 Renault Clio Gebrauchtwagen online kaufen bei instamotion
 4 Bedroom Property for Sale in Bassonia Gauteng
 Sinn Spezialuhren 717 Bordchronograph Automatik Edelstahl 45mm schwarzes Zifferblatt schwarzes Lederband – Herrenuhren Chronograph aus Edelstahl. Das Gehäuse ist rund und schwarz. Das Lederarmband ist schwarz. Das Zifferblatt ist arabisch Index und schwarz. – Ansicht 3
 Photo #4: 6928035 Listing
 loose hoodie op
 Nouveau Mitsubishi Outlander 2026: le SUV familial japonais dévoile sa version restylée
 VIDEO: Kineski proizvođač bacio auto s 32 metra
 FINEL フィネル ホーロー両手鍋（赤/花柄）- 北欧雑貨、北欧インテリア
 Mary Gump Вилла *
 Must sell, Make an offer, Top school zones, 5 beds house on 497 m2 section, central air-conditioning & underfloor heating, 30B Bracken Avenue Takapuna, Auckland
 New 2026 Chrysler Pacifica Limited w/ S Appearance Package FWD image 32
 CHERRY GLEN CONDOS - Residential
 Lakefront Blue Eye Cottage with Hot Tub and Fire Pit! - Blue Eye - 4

***

> TASK TO CARRY OUT
Please set down again, word for word, only the lines from the start of the entries through the line with "Must sell, Make", both ends included.

> TASK ANSWER
 Renault Clio Gebrauchtwagen online kaufen bei instamotion
 4 Bedroom Property for Sale in Bassonia Gauteng
 Sinn Spezialuhren 717 Bordchronograph Automatik Edelstahl 45mm schwarzes Zifferblatt schwarzes Lederband – Herrenuhren Chronograph aus Edelstahl. Das Gehäuse ist rund und schwarz. Das Lederarmband ist schwarz. Das Zifferblatt ist arabisch Index und schwarz. – Ansicht 3
 Photo #4: 6928035 Listing
 loose hoodie op
 Nouveau Mitsubishi Outlander 2026: le SUV familial japonais dévoile sa version restylée
 VIDEO: Kineski proizvođač bacio auto s 32 metra
 FINEL フィネル ホーロー両手鍋（赤/花柄）- 北欧雑貨、北欧インテリア
 Mary Gump Вилла *
 Must sell, Make an offer, Top school zones, 5 beds house on 497 m2 section, central air-conditioning & underfloor heating, 30B Bracken Avenue Takapuna, Auckland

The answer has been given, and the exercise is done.